But every time I call and ask anyone about their breeding stock, they always say the same thing ("they're great!!" or some version of that). I just come to expect it so I didn't feel like making the effort in this case. I knew the risks. Of course I'd prefer to do it in person, but most of the time that's not a feasible option when you are looking for something specific. In this case, I'm playing the odds. He has a good rep and has bought his birds out of proven, top quality birds. And the price was good.


----------



## GaryWCo (Apr 19, 2011)

*Weyer hen*

So how did you make out with your Weyer hen? What line was she from? I'm considering picking up one of his Phantom line birds.


----------



## Kastle Loft (May 7, 2008)

GaryWCo said:


> So how did you make out with your Weyer hen? What line was she from? I'm considering picking up one of his Phantom line birds.

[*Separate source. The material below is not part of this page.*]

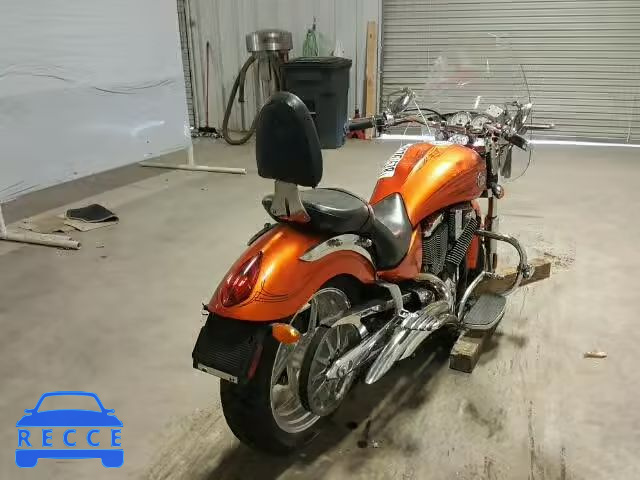 2007 VICTORY MOTORCYCLES VEGAS 5VPGB26D873002703 image 3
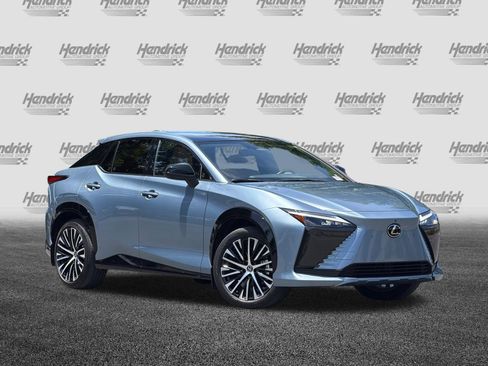 Used 2023 Lexus RZ 450e Premium w/ Accessory Package (2T) AWD/4WD image 2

I'm not sure if that question is directed at me or others - but I'm happy to report that my Weyer hen has turned out to be one of my best. I have very many club diplomas and champion birds from her.


----------



## Roger Siemens (Nov 12, 2011)

its very cool when you read threw the posts and people are happy about the birds they have gotten for a fair price , there is always a risk but its all about learning and if you fly them and they home your birds are good


----------



## bbcdon (Oct 16, 2007)

It has been a couple of years ago, but I talked to someone who was familiar with him. He is in great financial shape, his main passion is breeding & showing a certain type of dog, and he buys top pigeons to breed & sell. He does not race them, but apparently loves to have them around. His prices are extremely reasonable.


----------



## Kastle Loft (May 7, 2008)

bbcdon said:


> It has been a couple of years ago, but I talked to someone who was familiar with him. He is in great financial shape, his main passion is breeding & showing a certain type of dog, and he buys top pigeons to breed & sell. He does not race them, but apparently loves to have them around. His prices are extremely reasonable.


I agree - his prices are the best around considering the pedigrees. You just never get to see or hear of any kind of performances from his birds or their babies. But I'm sure happy with what I have from him.


----------